- _Description of the task_
Count the lines of the data that have the word "Toyota", then report the number without anything else.

===============

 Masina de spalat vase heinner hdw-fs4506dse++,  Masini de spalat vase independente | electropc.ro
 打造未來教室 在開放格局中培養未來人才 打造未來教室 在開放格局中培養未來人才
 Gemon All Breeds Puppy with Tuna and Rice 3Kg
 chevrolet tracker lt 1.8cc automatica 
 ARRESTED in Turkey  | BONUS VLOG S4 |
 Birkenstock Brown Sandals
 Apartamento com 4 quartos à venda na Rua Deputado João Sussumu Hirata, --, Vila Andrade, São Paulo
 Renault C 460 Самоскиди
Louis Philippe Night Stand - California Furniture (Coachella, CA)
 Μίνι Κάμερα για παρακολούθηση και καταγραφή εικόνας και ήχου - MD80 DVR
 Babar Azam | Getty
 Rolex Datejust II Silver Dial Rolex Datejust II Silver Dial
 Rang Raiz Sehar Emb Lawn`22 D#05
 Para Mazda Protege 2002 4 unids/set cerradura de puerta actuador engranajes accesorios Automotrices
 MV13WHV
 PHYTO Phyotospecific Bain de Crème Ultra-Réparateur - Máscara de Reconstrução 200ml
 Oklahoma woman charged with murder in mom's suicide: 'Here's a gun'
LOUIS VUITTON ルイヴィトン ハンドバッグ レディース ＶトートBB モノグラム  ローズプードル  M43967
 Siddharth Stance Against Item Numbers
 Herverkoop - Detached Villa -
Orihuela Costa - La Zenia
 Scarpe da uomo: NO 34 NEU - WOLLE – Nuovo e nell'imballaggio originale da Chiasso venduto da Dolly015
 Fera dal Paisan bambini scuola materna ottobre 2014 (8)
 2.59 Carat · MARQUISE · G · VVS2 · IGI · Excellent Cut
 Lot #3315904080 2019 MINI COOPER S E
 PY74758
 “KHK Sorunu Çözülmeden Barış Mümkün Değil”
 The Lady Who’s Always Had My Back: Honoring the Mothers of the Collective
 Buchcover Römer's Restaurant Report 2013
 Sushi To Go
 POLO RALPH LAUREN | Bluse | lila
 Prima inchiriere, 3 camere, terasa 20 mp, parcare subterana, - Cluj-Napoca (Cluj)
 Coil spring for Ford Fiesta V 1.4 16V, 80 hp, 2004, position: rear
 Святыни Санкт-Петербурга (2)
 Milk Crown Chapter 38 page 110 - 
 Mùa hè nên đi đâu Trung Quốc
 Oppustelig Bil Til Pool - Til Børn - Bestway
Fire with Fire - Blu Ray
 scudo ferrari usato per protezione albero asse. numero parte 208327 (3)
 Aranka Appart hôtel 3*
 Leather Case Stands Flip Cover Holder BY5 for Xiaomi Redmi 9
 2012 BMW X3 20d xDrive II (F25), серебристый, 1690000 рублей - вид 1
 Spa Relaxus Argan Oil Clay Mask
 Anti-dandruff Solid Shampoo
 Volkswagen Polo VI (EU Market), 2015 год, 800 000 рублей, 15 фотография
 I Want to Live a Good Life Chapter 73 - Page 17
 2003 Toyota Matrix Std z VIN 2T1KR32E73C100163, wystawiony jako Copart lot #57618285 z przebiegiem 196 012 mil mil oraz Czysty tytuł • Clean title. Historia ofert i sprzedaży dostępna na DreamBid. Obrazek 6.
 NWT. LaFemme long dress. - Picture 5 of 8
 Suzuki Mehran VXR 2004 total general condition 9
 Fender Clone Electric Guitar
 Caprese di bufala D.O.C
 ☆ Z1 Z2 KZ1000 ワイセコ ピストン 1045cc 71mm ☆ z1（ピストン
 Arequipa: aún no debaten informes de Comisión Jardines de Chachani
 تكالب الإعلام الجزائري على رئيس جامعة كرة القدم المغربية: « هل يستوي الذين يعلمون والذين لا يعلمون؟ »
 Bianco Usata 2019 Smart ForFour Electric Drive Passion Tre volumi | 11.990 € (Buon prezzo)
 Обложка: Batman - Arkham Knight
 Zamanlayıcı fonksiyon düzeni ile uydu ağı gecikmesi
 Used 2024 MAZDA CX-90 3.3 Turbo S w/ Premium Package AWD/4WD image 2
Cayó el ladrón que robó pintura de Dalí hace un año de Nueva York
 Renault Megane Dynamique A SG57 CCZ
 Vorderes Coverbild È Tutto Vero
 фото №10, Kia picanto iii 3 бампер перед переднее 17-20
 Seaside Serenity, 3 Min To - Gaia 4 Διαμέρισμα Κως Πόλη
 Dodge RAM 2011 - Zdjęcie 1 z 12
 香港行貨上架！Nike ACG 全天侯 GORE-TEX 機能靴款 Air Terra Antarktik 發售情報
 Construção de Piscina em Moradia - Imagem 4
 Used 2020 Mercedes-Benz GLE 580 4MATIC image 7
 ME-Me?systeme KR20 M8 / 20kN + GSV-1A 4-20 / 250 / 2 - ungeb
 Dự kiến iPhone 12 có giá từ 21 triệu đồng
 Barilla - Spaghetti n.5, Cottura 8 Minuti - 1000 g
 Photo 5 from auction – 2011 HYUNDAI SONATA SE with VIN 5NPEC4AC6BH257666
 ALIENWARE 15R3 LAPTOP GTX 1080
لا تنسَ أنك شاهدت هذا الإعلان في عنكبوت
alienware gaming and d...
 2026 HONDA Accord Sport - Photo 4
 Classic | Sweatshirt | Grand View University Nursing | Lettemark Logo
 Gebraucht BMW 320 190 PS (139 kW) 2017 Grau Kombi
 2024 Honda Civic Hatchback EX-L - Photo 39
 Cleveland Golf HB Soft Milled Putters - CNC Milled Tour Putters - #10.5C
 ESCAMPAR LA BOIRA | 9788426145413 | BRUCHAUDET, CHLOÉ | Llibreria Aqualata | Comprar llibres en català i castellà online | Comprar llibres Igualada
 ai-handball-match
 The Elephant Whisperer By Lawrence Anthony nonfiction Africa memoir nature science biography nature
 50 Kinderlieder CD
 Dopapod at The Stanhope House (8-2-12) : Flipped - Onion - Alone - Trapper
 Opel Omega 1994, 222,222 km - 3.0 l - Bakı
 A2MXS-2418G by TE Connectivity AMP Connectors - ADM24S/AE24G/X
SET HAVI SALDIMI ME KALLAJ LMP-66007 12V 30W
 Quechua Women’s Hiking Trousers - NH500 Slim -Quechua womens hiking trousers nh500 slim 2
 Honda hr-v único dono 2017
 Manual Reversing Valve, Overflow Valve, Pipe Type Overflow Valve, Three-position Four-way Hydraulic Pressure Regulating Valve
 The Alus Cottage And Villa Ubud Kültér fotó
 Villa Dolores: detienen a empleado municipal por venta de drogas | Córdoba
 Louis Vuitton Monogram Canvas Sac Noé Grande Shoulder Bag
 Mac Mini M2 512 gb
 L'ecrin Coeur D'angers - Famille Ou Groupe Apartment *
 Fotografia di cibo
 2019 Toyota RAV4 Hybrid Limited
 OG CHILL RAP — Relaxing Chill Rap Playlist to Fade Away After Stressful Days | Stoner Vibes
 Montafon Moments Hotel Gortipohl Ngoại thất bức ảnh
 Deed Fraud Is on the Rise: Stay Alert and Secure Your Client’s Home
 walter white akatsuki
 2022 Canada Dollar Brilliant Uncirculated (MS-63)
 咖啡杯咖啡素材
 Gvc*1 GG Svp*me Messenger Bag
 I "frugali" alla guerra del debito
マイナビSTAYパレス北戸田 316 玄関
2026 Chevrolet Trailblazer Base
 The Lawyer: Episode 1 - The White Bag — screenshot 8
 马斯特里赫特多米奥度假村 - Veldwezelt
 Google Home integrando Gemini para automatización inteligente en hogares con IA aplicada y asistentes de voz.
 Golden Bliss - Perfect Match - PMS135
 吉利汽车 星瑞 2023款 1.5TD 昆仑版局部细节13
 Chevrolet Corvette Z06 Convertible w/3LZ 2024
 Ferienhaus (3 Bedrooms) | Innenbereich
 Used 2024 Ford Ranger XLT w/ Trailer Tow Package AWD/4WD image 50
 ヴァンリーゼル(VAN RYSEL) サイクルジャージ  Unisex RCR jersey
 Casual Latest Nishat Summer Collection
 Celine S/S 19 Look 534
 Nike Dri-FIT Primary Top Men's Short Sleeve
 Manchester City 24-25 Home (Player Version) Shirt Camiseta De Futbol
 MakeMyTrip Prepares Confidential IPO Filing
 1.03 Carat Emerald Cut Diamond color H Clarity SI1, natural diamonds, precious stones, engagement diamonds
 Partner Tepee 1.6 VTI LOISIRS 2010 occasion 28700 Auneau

===============

- _Result of the task_
2